>>>>

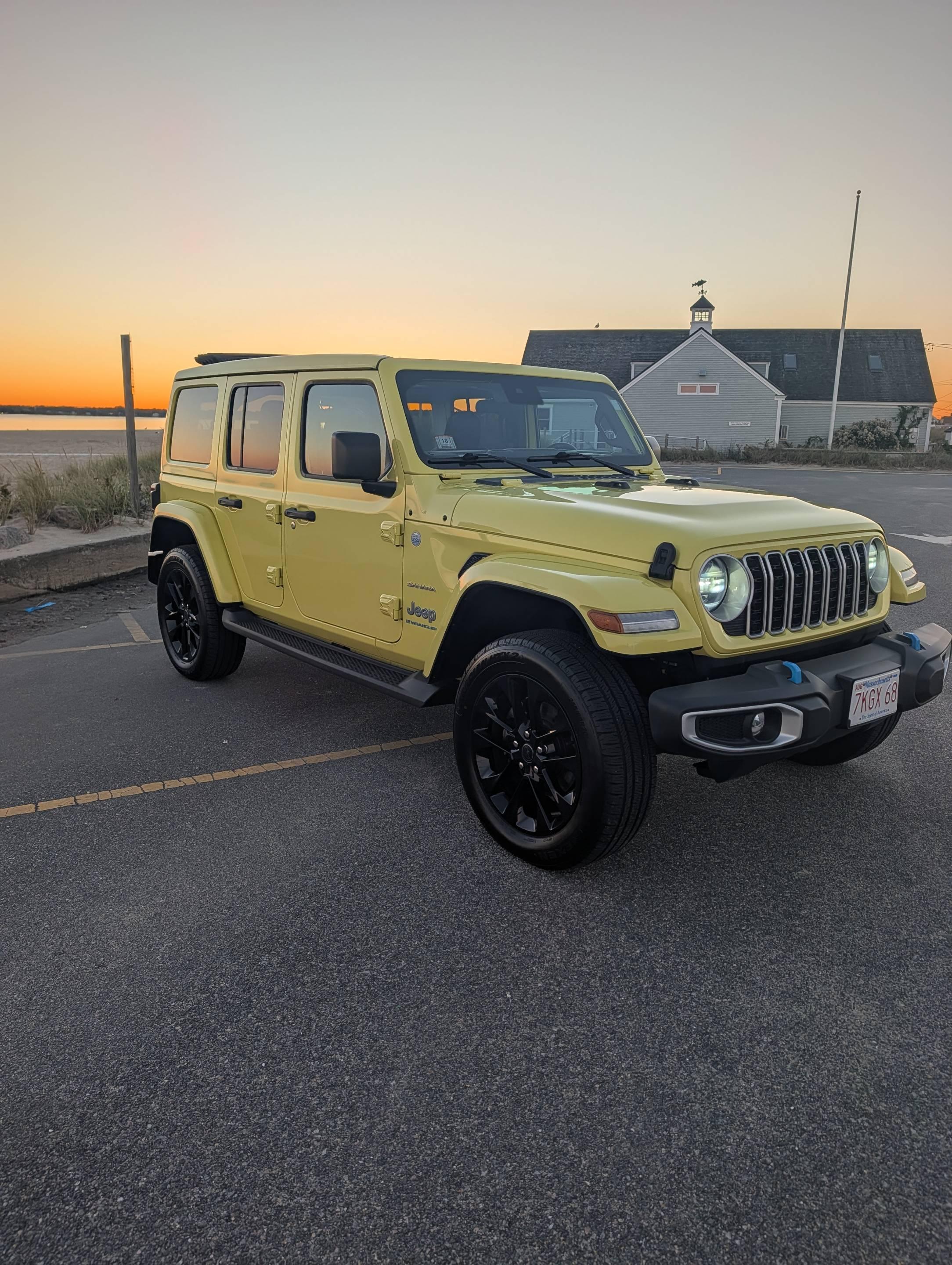 Jeep Wrangler 4xe 2024 in Barnstable, MA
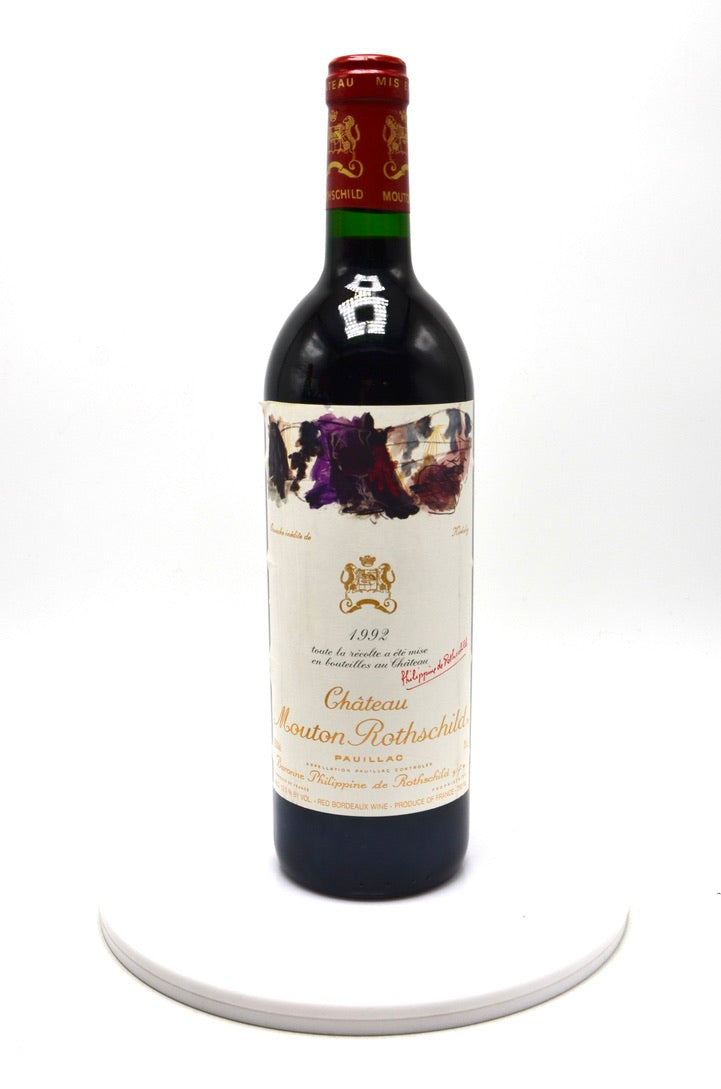 1992 Château Mouton Rothschild, Pauillac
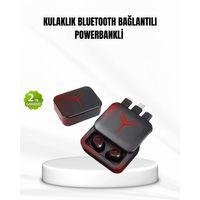 Bluetooth Powerbank Kulaklık – Kablosuz, Uzun Pil Ömrü, Dokunmatik Ve Yüksek Ses Kalitesi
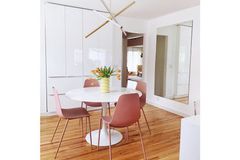 Tulip Marmeren Tafel, Wit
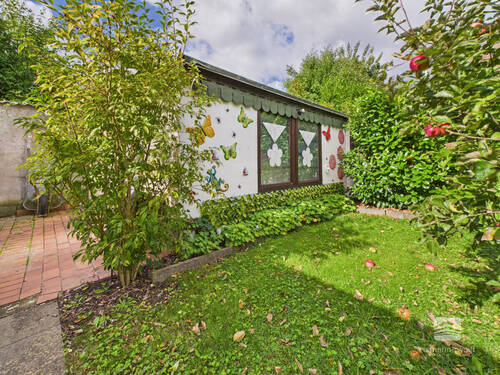 Gartenhaus/Garten - 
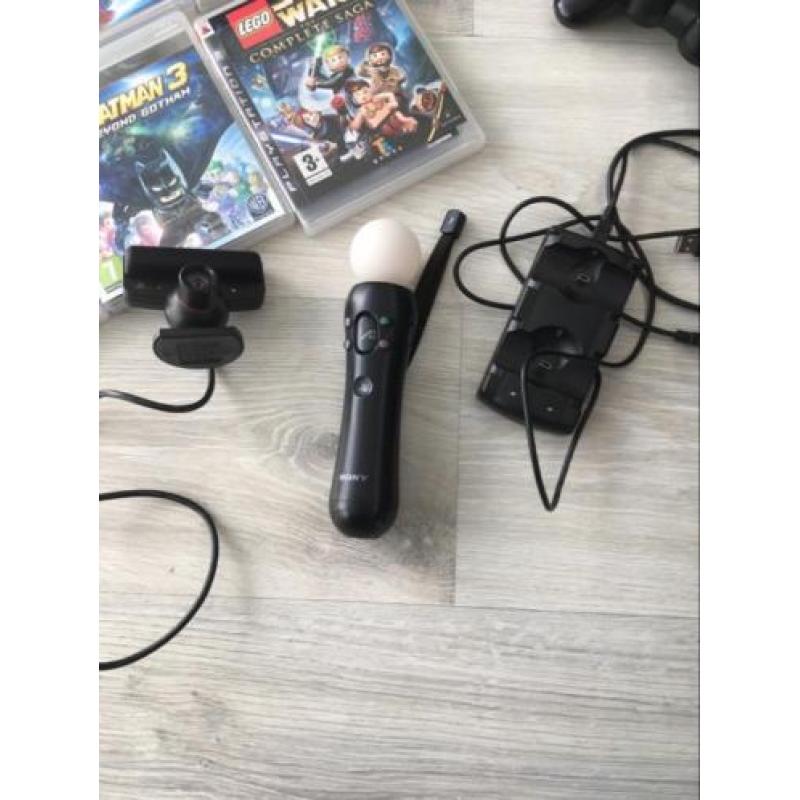 Ps3 spelcomputer met spellen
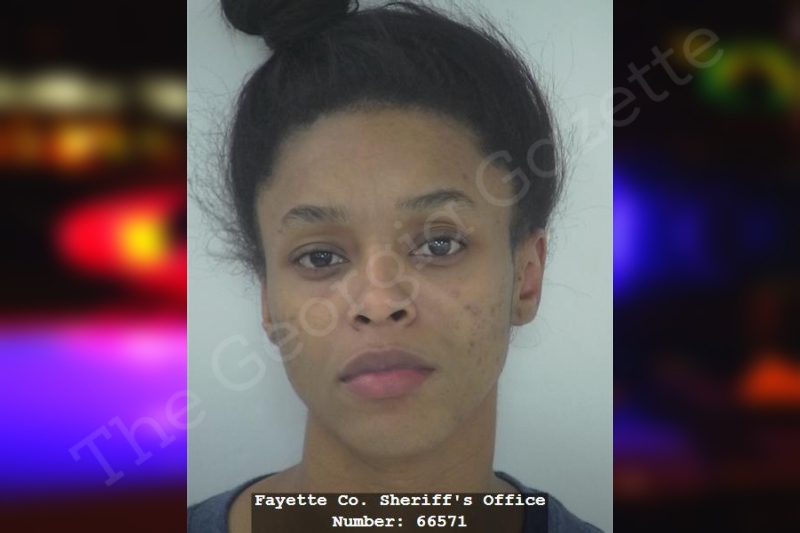 Sapphire Jones Fayette County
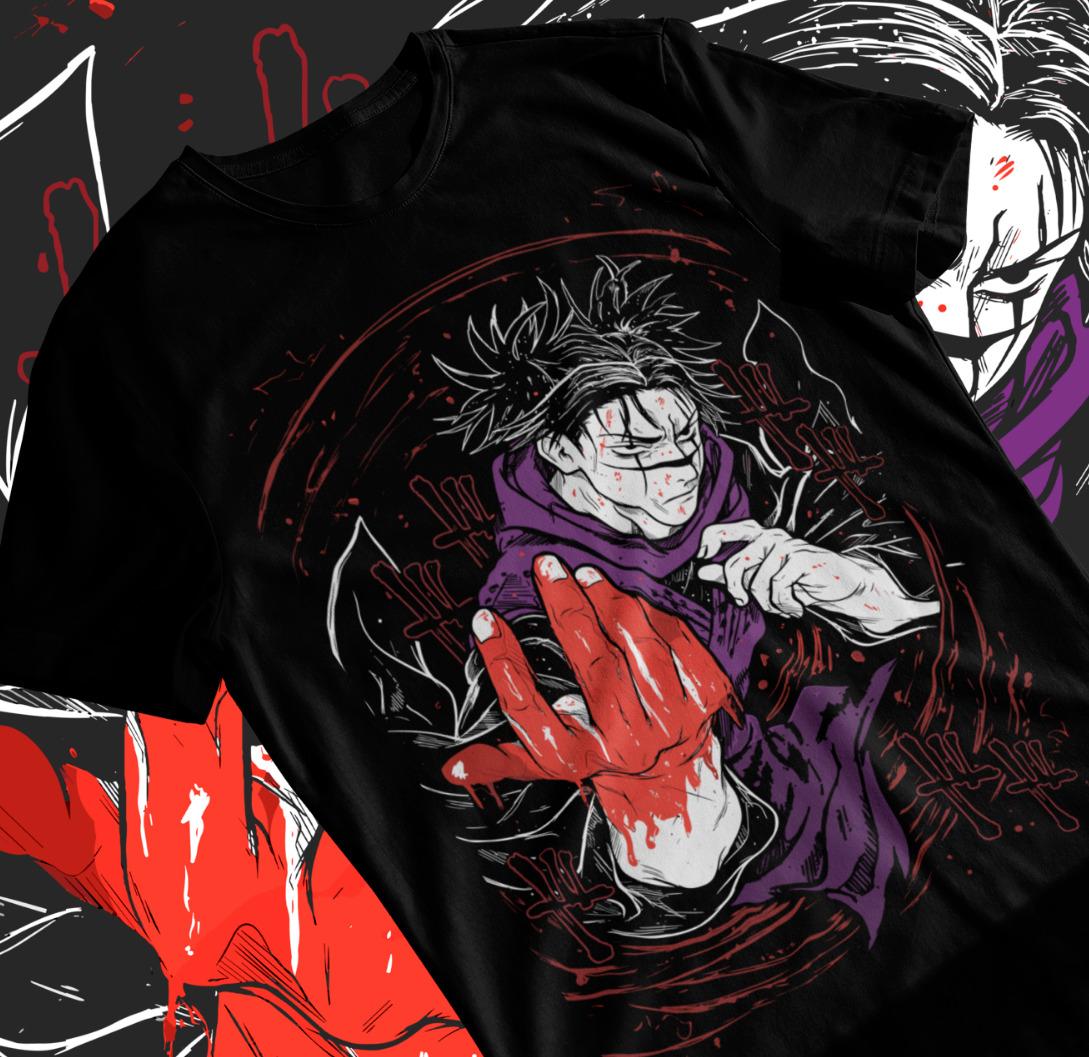 

All sizes of the Dandadan Okarun T-shirt are exclusive to Momo Ayase s gift. S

<<<<

PROBLEM STATEMENT: Restate verbatim the lines that begin at the one holding "Sapphire Jones Fayette County" and end at the last line of the material. Exclude pictures.

YOUR SOLUTION:
 Sapphire Jones Fayette County

All sizes of the Dandadan Okarun T-shirt are exclusive to Momo Ayase s gift. S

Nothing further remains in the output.